Politisi Partai Golkar tersebut mengatakan keluhan mengenai pemotongan jaspel kerap disampaikan para nakes setiap kali dirinya melakukan kunjungan kerja ke berbagai daerah di Jawa Timur.
“Saya menerima banyak aduan dari tenaga kesehatan. Setiap turun ke daerah, mereka menyampaikan keluhan terkait pemotongan jaspel,” ujar Sumardi, Minggu 8/3/2026.
Menurutnya, tugas tenaga kesehatan sangat berat karena harus selalu siap memberikan pelayanan kepada masyarakat, bahkan selama 24 jam.
“Tugas tenaga kesehatan sangat berat dan mereka harus siap siaga 24 jam. Karena itu sudah selayaknya kesejahteraan mereka tidak dipotong,” tegasnya.
Sekretaris Depidar SOKSI Jawa Timur tersebut meminta Pemerintah Provinsi Jawa Timur untuk mengkaji ulang kebijakan pemotongan hak-hak tenaga kesehatan yang dilakukan dengan dalih efisiensi anggaran.

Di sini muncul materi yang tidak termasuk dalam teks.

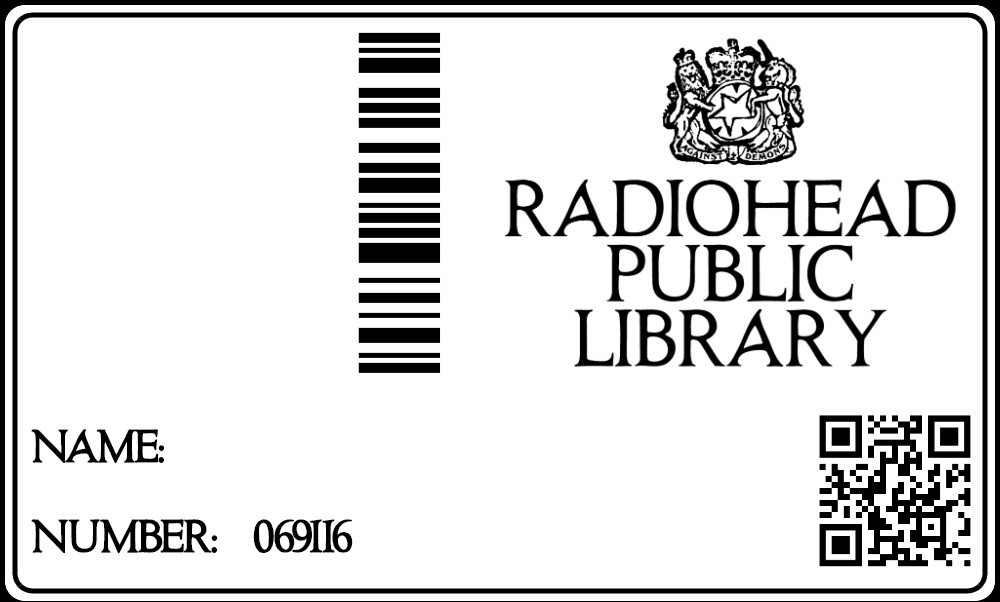 Carnet para librería de Radiohead - OYR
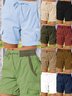 High Waist Women's Overalls Casual Pants Cotton And Linen Shorts Thin A-line Loose Wide-leg Shorts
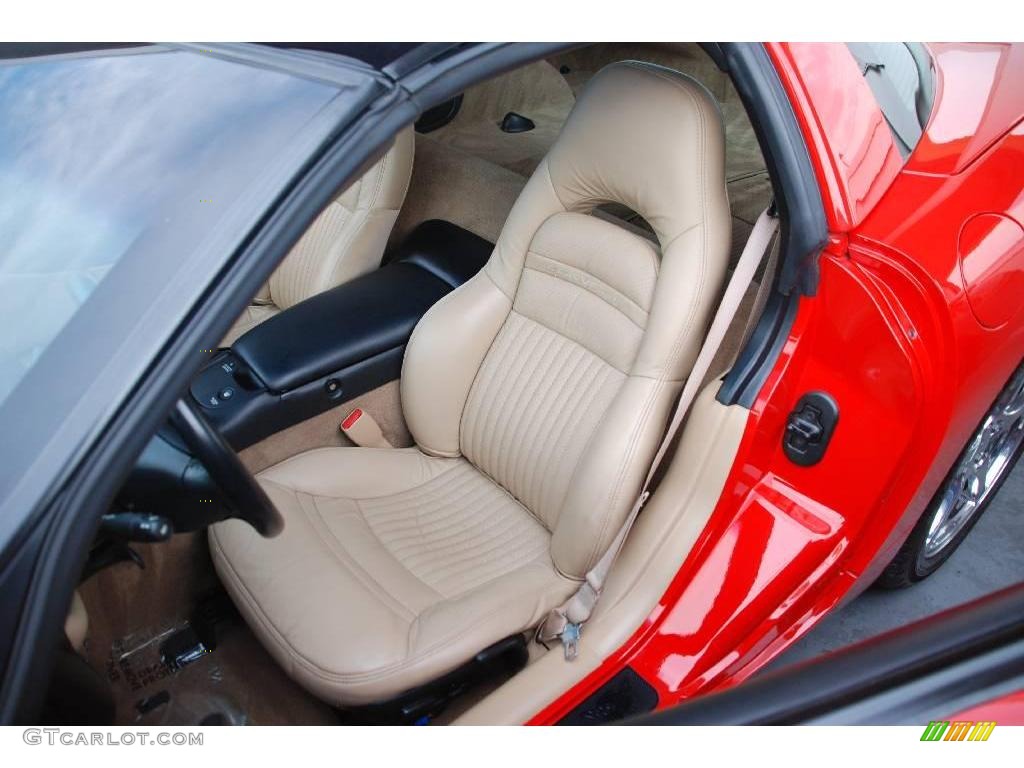 2001 Corvette Coupe - Torch Red / Light Oak photo #22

“Efisiensi memang perlu, tetapi jangan sampai menghantam rata kesejahteraan pegawai, terutama tenaga kesehatan yang bebannya sangat berat,” ujarnya.
Sebagai informasi, Presiden Prabowo Subianto sebelumnya telah menginstruksikan efisiensi anggaran negara dalam jumlah besar untuk tahun anggaran 2025 guna mendukung program prioritas nasional. Namun kebijakan tersebut diarahkan agar tidak menyentuh belanja pegawai seperti gaji dan tunjangan serta tidak mengganggu bantuan sosial.
Sementara itu, Menteri Kesehatan Budi Gunadi Sadikin juga memastikan bahwa pemotongan anggaran di Kementerian Kesehatan tidak akan mengganggu pelayanan kesehatan masyarakat maupun kesejahteraan tenaga kesehatan.